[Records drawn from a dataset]
══════════════════════════════
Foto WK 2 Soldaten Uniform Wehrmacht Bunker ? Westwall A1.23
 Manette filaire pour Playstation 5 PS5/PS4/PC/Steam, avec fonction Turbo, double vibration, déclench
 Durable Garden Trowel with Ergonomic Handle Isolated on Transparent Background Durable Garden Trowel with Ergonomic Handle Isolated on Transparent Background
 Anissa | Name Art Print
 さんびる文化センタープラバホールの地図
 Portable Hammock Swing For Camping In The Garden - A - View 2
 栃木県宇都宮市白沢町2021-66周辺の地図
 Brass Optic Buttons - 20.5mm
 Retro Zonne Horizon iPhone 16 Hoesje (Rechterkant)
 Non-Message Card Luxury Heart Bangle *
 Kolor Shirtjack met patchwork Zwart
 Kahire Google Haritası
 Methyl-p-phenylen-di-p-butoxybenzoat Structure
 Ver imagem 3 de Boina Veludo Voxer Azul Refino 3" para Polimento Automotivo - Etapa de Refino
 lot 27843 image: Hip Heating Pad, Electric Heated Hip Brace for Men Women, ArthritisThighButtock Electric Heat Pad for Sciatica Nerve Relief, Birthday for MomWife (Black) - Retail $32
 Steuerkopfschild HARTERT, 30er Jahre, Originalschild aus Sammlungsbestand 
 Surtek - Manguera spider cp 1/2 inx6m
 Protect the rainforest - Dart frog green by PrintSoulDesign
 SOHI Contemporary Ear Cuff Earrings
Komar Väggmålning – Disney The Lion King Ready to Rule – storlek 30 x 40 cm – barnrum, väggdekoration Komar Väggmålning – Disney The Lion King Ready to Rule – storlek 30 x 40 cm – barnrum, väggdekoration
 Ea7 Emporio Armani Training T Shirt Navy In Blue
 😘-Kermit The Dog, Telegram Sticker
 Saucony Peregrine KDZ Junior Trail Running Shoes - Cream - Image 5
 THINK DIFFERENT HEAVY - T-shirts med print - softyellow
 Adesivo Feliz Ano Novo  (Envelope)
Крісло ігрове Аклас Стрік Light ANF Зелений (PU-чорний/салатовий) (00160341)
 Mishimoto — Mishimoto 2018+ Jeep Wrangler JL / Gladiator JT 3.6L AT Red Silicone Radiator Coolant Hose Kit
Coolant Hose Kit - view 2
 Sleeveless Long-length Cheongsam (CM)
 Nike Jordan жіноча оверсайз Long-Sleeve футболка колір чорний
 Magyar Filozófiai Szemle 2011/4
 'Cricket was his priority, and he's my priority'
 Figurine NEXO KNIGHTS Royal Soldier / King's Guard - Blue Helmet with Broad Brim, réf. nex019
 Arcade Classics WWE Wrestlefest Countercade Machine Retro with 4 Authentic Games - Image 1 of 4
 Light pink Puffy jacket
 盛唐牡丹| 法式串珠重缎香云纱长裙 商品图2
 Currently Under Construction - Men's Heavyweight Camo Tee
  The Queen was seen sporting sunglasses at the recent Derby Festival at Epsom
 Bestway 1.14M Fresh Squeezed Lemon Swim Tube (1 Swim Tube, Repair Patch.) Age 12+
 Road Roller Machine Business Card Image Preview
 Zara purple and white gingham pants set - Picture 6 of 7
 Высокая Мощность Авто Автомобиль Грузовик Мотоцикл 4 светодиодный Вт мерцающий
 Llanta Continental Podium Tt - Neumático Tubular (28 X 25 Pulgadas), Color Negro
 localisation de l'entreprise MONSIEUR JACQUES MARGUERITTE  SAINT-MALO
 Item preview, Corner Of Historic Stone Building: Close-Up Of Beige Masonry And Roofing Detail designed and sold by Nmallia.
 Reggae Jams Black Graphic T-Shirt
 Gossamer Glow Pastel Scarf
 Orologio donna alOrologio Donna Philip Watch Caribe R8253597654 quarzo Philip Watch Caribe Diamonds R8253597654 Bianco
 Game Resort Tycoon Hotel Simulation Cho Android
══════════════════════════════
Among the records above, only the lines between the line holding "Manette filaire pour" and the line holding "Non-Message Card Luxury Heart Bangle *", inclusive, are to be output, exactly as written.

** Result for this exercise **
 Manette filaire pour Playstation 5 PS5/PS4/PC/Steam, avec fonction Turbo, double vibration, déclench
 Durable Garden Trowel with Ergonomic Handle Isolated on Transparent Background Durable Garden Trowel with Ergonomic Handle Isolated on Transparent Background
 Anissa | Name Art Print
 さんびる文化センタープラバホールの地図
 Portable Hammock Swing For Camping In The Garden - A - View 2
 栃木県宇都宮市白沢町2021-66周辺の地図
 Brass Optic Buttons - 20.5mm
 Retro Zonne Horizon iPhone 16 Hoesje (Rechterkant)
 Non-Message Card Luxury Heart Bangle *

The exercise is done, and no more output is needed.